I Replaced Google Analytics with a CSV File and an AI Agent (joeldare.com)

🤖 AI Summary
Joel Dare replaced Google Analytics with a tiny, privacy-first pipeline: every HTTP request appends a single CSV row (URL,timestamp) to stdout from a compact Go collector binary running on a low-end VPS under SupervisorD. The CSV is redirected to persistent disk (or could be piped to pub/sub), copied down via SSH or cron, and lives as a plain file in his repo.

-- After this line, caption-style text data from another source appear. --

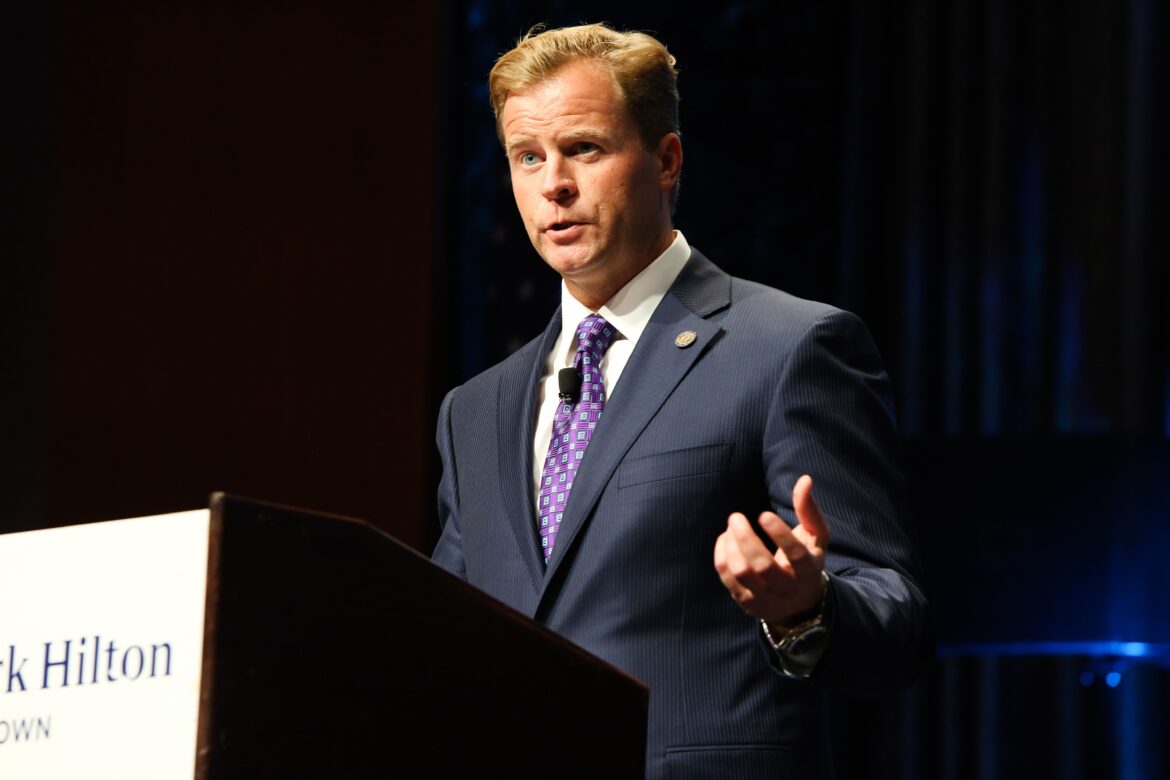 Blockchain Technology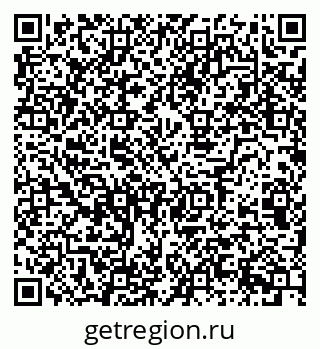 79124035617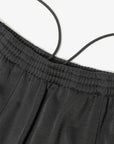Needles H.D Sweat Pant Bright jersey Navy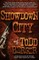 Showdown City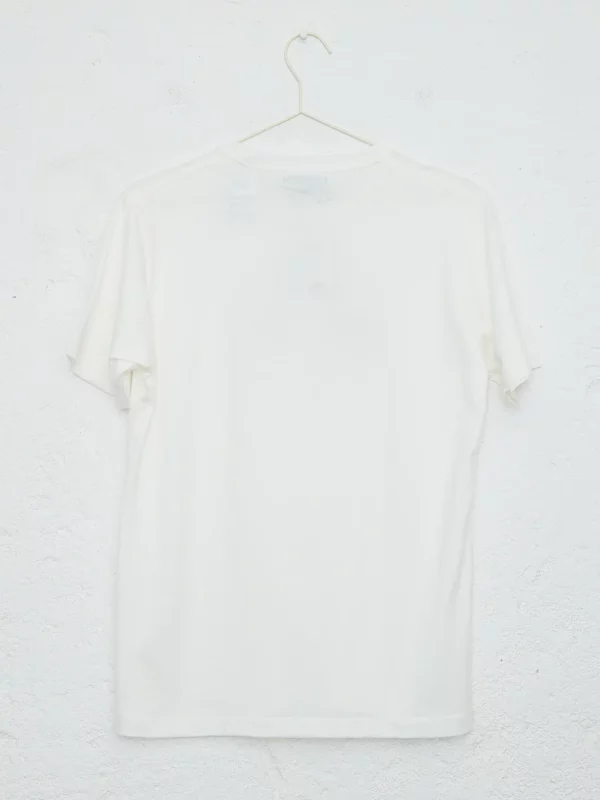 Camiseta Beams - Imagen 2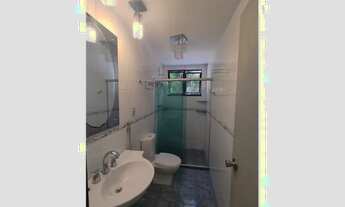 Imagem 6: Venha morar neste apartamento garden, espaçoso há 300m da Av Rio Branco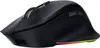 Razer Pro Click V2, Gaming-Maus Produktbild-Vorschau 4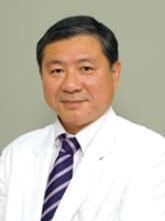 片井均 がん 専門医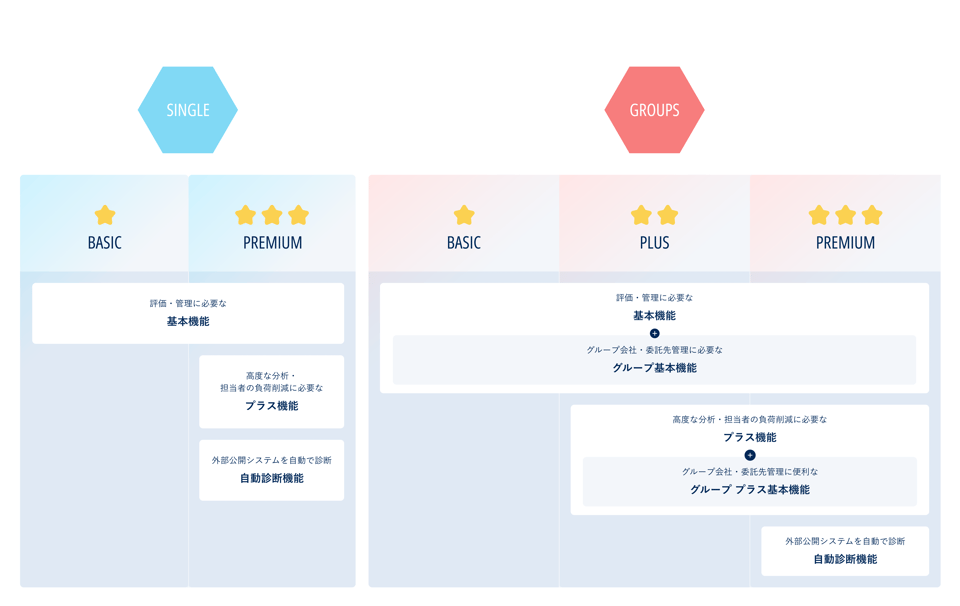 MicrosoftTeams-image (10)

Instead of building a dashboard, he runs a local LLM agent (Codex) inside the repository that reads the CSV and generates Python or shell snippets to answer natural-language queries — e.g., top utm_source values, or comparing /newsletter traffic to a baseline. Helper scripts are persisted in _tools/, and all processing stays local: no cookies, no IDs, no JavaScript, no consent popups, and nothing leaves the machine. For the AI/ML community this is a crisp example of combining minimal, auditable telemetry with local model-driven analytics to avoid surveillance and SaaS lock-in. It shows how LLMs can act as on-device query-generators for structured logs, lowering the barrier to custom analysis while keeping data ownership and privacy intact. Trade-offs are clear: you lose user-level sessions, real-time dashboards, and richer client-side metrics, but you gain a tiny attack surface, reproducibility, lower cost, and a privacy-preserving workflow that scales from a hobby site to any use case where aggregate, event-level insights suffice.